Dr. Carroll was right–at least about one thing. The hospitalization rate for <18-year-old-kids positive for Covid jumped to nearly 2%. Since we questioned the Press’ coverage of Dr. Carroll’s Rotary presentation, an additional 934 juveniles confirmed or suspected positive for SARS-CoV2 resulted in 18 hospitalizations among the same demographic. No reports of deaths or PICU transfers of these SARS-CoV2 patients have emerged. The increase of the average 1.1% hospitalization rate is attributed to the Delta variant.

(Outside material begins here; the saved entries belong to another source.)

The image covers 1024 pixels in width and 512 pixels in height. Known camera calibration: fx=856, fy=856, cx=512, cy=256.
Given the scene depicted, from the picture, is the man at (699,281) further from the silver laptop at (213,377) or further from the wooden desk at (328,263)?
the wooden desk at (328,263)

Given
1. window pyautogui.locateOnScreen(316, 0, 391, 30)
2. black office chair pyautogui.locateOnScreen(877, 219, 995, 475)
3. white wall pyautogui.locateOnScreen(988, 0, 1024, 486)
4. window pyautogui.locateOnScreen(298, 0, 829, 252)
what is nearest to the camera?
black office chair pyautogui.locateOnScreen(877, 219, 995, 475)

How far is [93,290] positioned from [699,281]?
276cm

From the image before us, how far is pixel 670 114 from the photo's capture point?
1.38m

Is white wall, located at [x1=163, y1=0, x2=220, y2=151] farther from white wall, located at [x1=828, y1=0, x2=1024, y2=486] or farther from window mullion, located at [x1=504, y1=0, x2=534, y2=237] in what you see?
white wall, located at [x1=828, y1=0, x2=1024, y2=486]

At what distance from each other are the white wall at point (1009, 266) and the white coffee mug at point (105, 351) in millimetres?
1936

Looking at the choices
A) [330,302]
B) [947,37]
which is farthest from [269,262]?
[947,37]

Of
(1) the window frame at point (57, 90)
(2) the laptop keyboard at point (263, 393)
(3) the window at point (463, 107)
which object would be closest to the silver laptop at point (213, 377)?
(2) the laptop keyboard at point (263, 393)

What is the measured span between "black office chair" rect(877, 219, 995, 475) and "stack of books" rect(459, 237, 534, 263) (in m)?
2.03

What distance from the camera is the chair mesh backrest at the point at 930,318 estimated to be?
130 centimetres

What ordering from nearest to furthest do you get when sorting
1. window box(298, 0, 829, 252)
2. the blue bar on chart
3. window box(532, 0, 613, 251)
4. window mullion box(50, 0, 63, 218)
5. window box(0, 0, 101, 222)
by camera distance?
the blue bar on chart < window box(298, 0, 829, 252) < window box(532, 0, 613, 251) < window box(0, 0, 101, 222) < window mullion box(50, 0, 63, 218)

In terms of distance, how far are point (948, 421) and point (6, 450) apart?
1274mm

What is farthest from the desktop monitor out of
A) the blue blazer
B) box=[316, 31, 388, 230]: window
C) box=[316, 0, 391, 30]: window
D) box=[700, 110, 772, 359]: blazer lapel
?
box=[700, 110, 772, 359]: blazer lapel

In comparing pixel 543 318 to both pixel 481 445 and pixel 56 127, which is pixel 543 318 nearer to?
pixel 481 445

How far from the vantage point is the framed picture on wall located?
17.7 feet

As hospitalization rates of children increased the only local school with a mask mandate, Coeur d’Alene Charter Academy, dropped the masking requirement October 18, about four weeks after their board member condemned the Press and Dr. Carroll for “[fanning flames of panic].” The charter school reports 20 cases so far this year among its population of 670 individuals. Coeur d’Alene public schools observed a 27% drop in total overall Covid cases over the last four weeks (10/11-11/7, chart 1) despite not requiring masks during the back-to-school Covid surge (chart 2). Masks work (chart 4). So, how do we explain this drop in cases? And, how does a community decide an acceptable risk and mitigation? Is this outcome acceptable? Would masking in schools have prevented eighteen children from hospitalization and hundreds of others from infection? Whether this outcome is satisfactory or not without masks, what about a vaccine mandate?

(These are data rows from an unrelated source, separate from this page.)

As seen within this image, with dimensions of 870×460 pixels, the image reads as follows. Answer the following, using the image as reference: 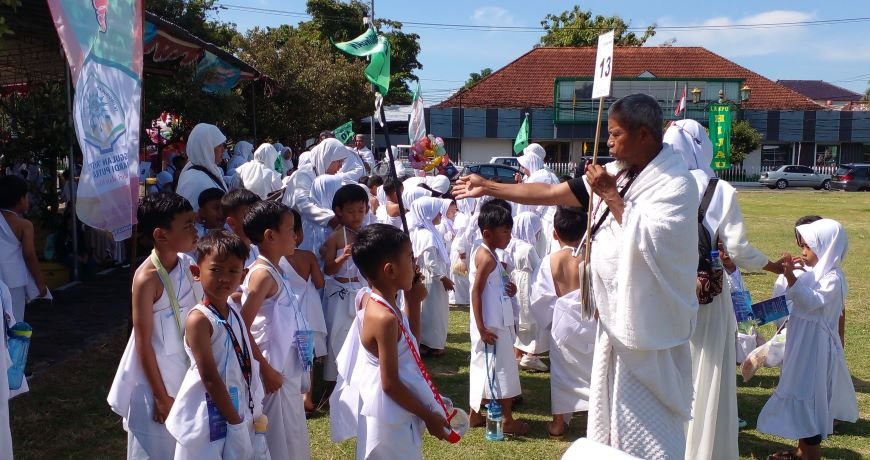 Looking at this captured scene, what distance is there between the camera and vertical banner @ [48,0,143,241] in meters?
3.43

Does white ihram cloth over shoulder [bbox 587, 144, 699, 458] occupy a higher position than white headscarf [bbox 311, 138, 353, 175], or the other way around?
white headscarf [bbox 311, 138, 353, 175]

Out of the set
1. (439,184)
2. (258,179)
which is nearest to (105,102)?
(258,179)

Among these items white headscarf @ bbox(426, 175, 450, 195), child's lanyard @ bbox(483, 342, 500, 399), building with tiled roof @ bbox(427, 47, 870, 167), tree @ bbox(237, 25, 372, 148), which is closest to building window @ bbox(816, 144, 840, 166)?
building with tiled roof @ bbox(427, 47, 870, 167)

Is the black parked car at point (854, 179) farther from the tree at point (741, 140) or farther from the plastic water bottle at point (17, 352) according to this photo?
the plastic water bottle at point (17, 352)

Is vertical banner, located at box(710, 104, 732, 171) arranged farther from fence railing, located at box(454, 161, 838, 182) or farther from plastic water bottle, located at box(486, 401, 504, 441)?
fence railing, located at box(454, 161, 838, 182)

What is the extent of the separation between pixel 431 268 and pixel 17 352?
4273mm

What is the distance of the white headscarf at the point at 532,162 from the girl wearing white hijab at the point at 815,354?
22.8 ft

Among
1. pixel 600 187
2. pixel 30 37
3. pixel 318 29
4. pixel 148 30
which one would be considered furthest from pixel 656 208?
pixel 318 29

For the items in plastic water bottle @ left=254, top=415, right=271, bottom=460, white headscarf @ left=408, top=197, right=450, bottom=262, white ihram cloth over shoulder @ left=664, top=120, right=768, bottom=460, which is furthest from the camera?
white headscarf @ left=408, top=197, right=450, bottom=262

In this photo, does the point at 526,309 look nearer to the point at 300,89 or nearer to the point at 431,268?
the point at 431,268

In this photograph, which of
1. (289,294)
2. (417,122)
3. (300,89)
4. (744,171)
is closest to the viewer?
(289,294)

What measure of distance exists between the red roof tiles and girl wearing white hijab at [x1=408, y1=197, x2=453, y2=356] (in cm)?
3386

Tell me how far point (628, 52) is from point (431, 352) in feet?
131

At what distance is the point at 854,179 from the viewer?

With the recent approval of Pfizer vaccine for children ages 5-11 the new school board will undoubtedly be deluged with demands for vaccine requirements from concerned parents. Natural immunity and vaccine-induced immunity rates in the community should be considered along with novel therapeutics. Recently two new therapeutics emerged reporting an 89% reduction in hospitalization and death. Considering the community vaccine uptake–or lack thereof–should school boards or municipalities consider a vaccine mandate for kids or avoid a mandate and accept the risks of additional infections and hospitalizations? The Idaho Department of Health and Welfare reports nearly 5,000 PHD children <18, less than one in three, have had at least one dose of the vaccine. Unfortunately the dashboard fails to allow further distinction of the data by county. One estimate for Kootenai County based on proportional vaccination uptake is 3,517 (based on Kootenai County comprising 71.3% of the PHD population). At least 3,431 Kootenai County kids have already had covid indicative of 3,517-8,000+ kids with some level of immunity. Judging by the overall vaccine uptake rate in the Panhandle health district a vaccine mandate will not be well received and yield poor compliance.